Two stories: Bill Buckley comes to town to see my father and my parents throw a dinner party for him and Pat. Ug is there and so is Dick Goodwin and after dinner Ug starts playing and singing and Dick chimes in on the vibes, and Buckley sits down at the piano and starts singing a rousing version of “Cielita Lindo,” and before long Ug’s daughter Chargee is dancing on the card table. I am indeed spoiled. Change some of the names and pretty much all the nights in our house ended like that and still do. At the engagement party my parents gave me when I was 29, before I called off the wedding in question, my fiance went to bed in the poolhouse before midnight. Which meant he wasn’t there when my old boyfriend came through the front door unannounced. It so happened Ug had taught him to play the guitar and he was really, really good at it, and a gifted (and published) songwriter to boot, so my best friend (who is also a songwriter) called my neighbor who brought over his guitar and we all sang and played until 7 o’clock in the morning. It was one of the most hilarious nights of my life — the old boyfriend was making up songs on the spot re the fall of Romania and Yugoslavia, which was going on at the time and was funnier (the singing about it) than it sounds –and the man I was about to marry slept through the whole thing. Which was a clue, and which also leads me to the next story.
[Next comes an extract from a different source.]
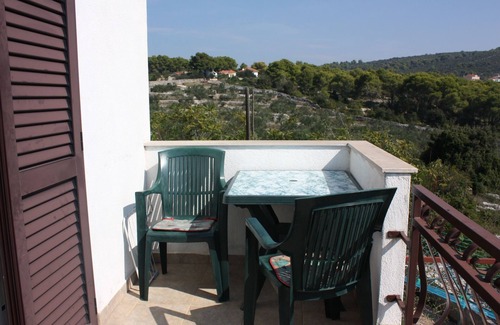 Maslinica Apartment | One bedroom apartment with balcony and sea view Maslinica, Šolta (A-5184-b)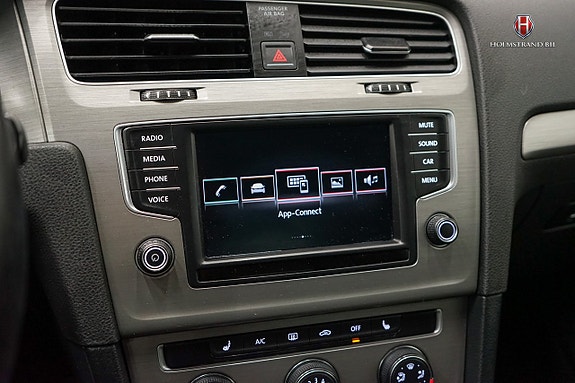Volkswagen Golf I 17 of 19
I meet my husband after a friend’s wedding when the hotel bar had shut down and we are all desperate for a drink. There is a piano in the lobby and he convinces the desk clerk (with an astutely palmed few bills) to let him play and he brings down a bunch of booze he happens to have in his room and the lobby party was way more fun than the wedding (I had the same fiance then — he was passed out on a sofa). I recognized that gun in the pocket thing right away and he had these bad boy eyes and then he sang “Night Owl” and all the other songs he knew how to do on the piano and I started paying a whole lot of attention. Cut to more than a decade later and we are the ones who are engaged. One night in a bar in Jackson, Mississippi, “Little Red Riding Hood” is playing on the jukebox and I jokingly tell John that one of the conditions of our marriage is that he has to sing the song at our wedding. I forget all about it and during the reception I go inside to change out of a big Carolina Herrera dress into a much smaller Carolina Herrera dress. As I walk out onto our terrace I hear the band playing “Riding Hood’s” opening bars from the tent, and when I look up there’s John onstage, singing his heart out, just like he did as the long ago lead singer of The Mersey Shores. And that night we BOTH stayed up most of the night playing and singing and having a hell of a time.